Un page de Bakounine
L’homme n’est pas le seul animal intelligent sur la terre. Mais dans l’homme seul l’intelligence arrive à ce point de pouvoir être nommée la faculté de penser. Seul il est doué de cette faculté d’abstraction, fortifiée et développée sans doute dans l’espèce par l’exercice des siècles, et qui l’élevant successivement en lui-même au-dessus de tous les objets qui l’environnent, au-dessus de tout ce qu’on appelle le monde extérieur, et même au-dessus de lui-même comme individu, lui permet de concevoir, de créer l’idée de la totalité des Êtres, de l’Univers, de l’Infini et de l’Absolu — idée tout abstraite et vide de contenu si l’on veut; mais toute-puissante et cause de toutes les conquêtes postérieures de l’homme parce que seule elle l’arrache aux prétendues béatitudes et à la stupide innocence du paradis animal pour le jeter dans les triomphes et dans les tourments infinis d’un développement sans bornes…
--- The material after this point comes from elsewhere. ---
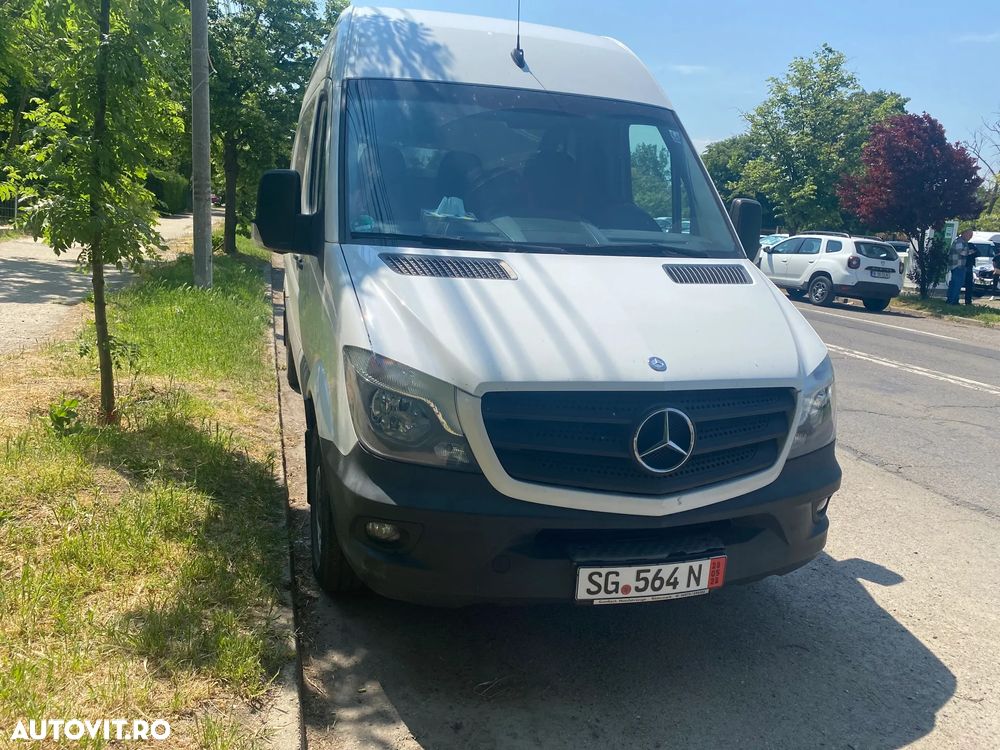 Mercedes-Benz Sprinter - 2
Grâce à cette faculté d’abstraction, l’homme en s’élevant au-dessus de la pression immédiate que tous les objets extérieurs ne manquent jamais d’exercer sur chaque individu, peut les comparer, observer leurs rapports — voilà le commencement de l’analyse et de la science expérimentale. Grâce à cette même faculté il se dédouble, et se séparant de lui-même en lui-même, il s’élève au-dessus de ses mouvements propres, de ses instincts et de ses différents appétits, ce qui lui donne la possibilité de les comparer, comme il compare les objets et le monde extérieur, et de prendre parti pour les uns contre les autres selon l’idéal (social) qui s’est formé en lui. Voilà le réveil de la conscience et de ce que nous appelons la volonté.
À moins d’un suicide, partiel ou total, aucun homme ne parviendra jamais à se délivrer de ses appétits naturels, mais il pourra les régler et les modifier en s’efforçant de les conformer toujours davantage à ce que les différentes époques de son développement intellectuel et moral il appellera le juste et le beau.